Muammar Muhammad al-Gaddafi


Muammar Muhammad al-Gaddafi (born 7 June 1942), commonly referred to as Colonel Gaddafi, has been the leader of Libya since a military coup on 1 September 1969 where he overthrew King Idris of Libya and established the Libyan Arab Republic. His 42 years in power make him one of the longest-serving rulers in history.
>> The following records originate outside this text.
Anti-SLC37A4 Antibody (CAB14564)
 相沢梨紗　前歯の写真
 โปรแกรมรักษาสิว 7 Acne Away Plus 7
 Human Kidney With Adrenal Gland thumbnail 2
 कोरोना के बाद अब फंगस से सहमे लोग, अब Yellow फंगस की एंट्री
Throughout the 1970s and 1980s, Gaddafi's government was considered a pariah state by the West, denounced for oppressing internal dissidence, acts of state-sponsored terrorism, assassinations of expatriate opposition leaders, and crass nepotism which amassed a multi-billion dollar fortune for himself and his family. Gaddafi renamed the Libyan Arab Republic to Jamahiriya in 1977, based on his socialist and nationalist political philosophy published in Green Book. In 1979, he relinquished the title of prime minister, and was thereafter called "The Brother Leader" or "The Guide" in Libya's Socialist Revolution. Gaddafi was a firm supporter of OAPEC and led a Pan-African campaign for a United States of Africa. After the 1986 Bombing of Libya and the 1993 imposition of United Nations sanctions, Gaddafi established closer economic and security relations with the west, cooperated with investigations into previous Libyan acts of state-sponsored terrorism and paid compensation, and ended his nuclear weapons program, resulting in the lifting of UN sanctions in 2003.

In early February 2011, major political protests, inspired by recent pro-democracy events in Tunisia, Egypt and other parts of the Arab world, broke out in Libya against Gaddafi's government and quickly turned into a general uprising. Gaddafi vowed to "die a martyr" if necessary in his fight against the rebels and external forces.